Reputation: 153
I'm trying to use LDA model from topicmodels package in R. I need to measure method's instability so I have generated true parameters from the Dirichlet distribution for w = 3000 words, t = 8 topics and d = 50 documents with approximately 60 words in each one:
Theta = t(rdirichlet(d, alpha))
Phi = t(rdirichlet(t, beta))
docs = matrix(0, nrow = d, ncol = w)
for (i in 1:d) {
curn = rnorm(1, mean = 60, sd = 10)
for (j in 1:curn) {
curt = rdiscrete(1, Theta[,d], 1:t)
curw = rdiscrete(1, Phi[,curt], 1:w)
docs[i, curw] = docs[i, curw] + 1
}
}
So my docs matrix is a sparse matrix d * w and almost all elements are 0 or 1.
Then I need my docs matrix to be an object of the DocumentTermMatrix class to use it in topicmodels:lda():
docs = as.DocumentTermMatrix(docs, weighting = weightTf)

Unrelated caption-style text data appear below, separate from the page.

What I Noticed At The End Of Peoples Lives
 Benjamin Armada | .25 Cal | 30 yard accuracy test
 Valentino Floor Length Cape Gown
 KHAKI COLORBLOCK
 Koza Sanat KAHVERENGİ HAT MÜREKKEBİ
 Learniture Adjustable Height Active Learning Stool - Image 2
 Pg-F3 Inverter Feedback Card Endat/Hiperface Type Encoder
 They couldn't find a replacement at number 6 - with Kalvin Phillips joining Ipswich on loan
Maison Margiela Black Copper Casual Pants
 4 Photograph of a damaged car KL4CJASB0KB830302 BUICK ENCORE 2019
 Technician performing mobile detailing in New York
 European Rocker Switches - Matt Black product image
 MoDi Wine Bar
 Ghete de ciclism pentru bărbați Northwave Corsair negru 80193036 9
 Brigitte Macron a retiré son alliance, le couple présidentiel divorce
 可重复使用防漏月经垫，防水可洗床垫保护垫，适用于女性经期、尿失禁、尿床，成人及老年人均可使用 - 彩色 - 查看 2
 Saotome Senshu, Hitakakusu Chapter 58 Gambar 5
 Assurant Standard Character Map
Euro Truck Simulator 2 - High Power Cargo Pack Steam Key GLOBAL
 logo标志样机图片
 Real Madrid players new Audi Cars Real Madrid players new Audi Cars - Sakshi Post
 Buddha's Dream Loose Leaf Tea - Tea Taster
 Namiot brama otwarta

I need to use Gibbs sampling method, so I write
ldafitmodel <- lda(docs, t, method = "Gibbs")
And then I get:
Error in lda.default(docs, t, method = "Gibbs") : nrow(x) and length(grouping) are different
I guess this topicmodels package uses MASS package, but then this grouping parameter is something I can't control explicitly, can I? Or what do I do wrong with my data?
Please help me!
BR, Maria
Upvotes: 1
Views: 2820
Reputation: 9405
Your exact problem isn't reproducible because you don't have d, t, w, alpha or beta defined and do not load the appropriate packages for your rdirichlet()
and rdiscrete()
function calls. However, I'm pretty sure your problem is calling the lda()
function from the MASS package - which is for linear discriminate analysis, not latent dirichlet allocation - instead of the LDA()
function from the topicmodels package. R is case sensitive, so those caps makes a difference. Also as a note, if you think you may be experiencing a simliar problem in the future but with objects that have the exact same name then you can specify the exact object you would like via namespaces in the form of ::, for example topicmodels::LDA()
.
Anyway, I can't reproduce your example but I think this example should illustrate your error and a working solution.
> library(topicmodels)
> data(AssociatedPress)
> docs = AssociatedPress[1:100]
> ldafitmodel <- lda(docs, 4, method = "Gibbs")
Error in lda.default(docs, 4, method = "Gibbs") :
nrow(x) and length(grouping) are different
> (ldafitmodel <- LDA(docs, 4, method = "Gibbs"))
A LDA_Gibbs topic model with 4 topics.
Upvotes: 4